Exercise directions –
Exact copy without images: repeat every entry as written.

Record set –
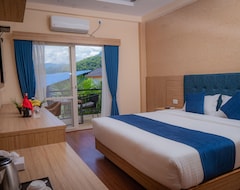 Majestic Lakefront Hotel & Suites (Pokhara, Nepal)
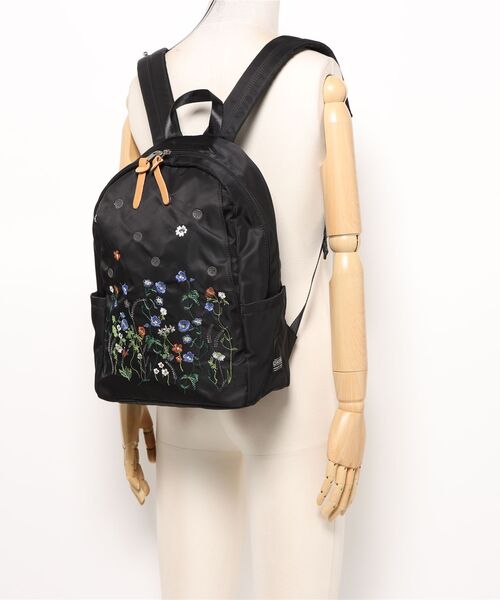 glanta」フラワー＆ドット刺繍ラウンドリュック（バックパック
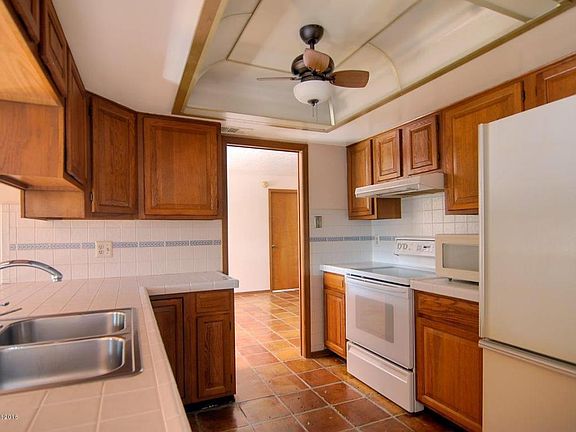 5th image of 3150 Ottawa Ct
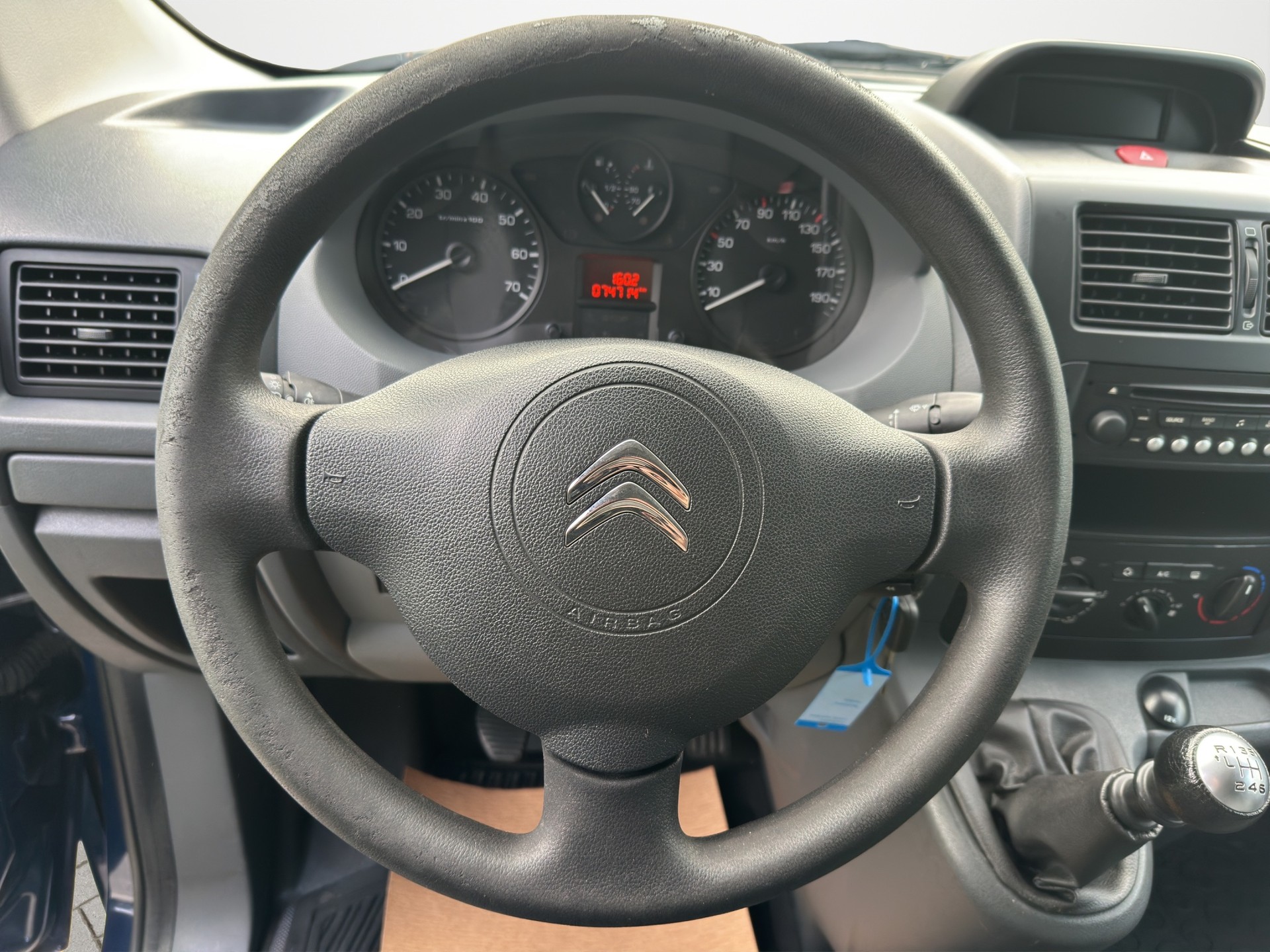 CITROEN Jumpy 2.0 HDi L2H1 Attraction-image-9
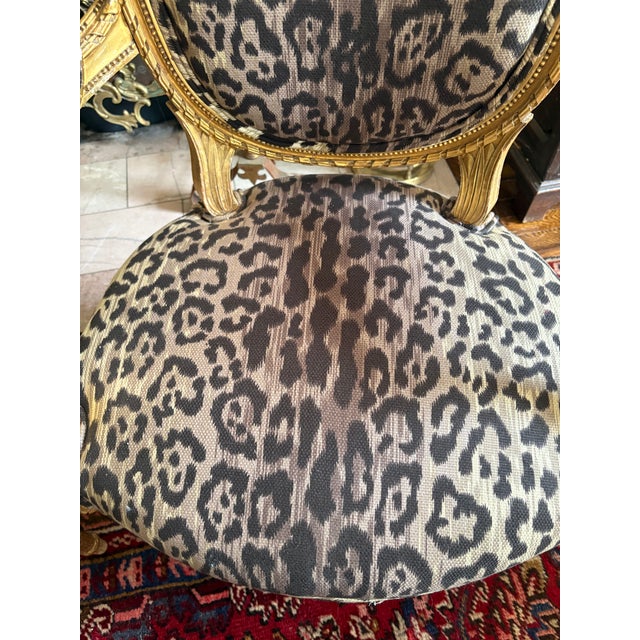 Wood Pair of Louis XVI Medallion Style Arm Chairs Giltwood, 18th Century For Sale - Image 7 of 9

Exercise result –
 Majestic Lakefront Hotel & Suites (Pokhara, Nepal)
 glanta」フラワー＆ドット刺繍ラウンドリュック（バックパック
 5th image of 3150 Ottawa Ct
 CITROEN Jumpy 2.0 HDi L2H1 Attraction-image-9
 Wood Pair of Louis XVI Medallion Style Arm Chairs Giltwood, 18th Century For Sale - Image 7 of 9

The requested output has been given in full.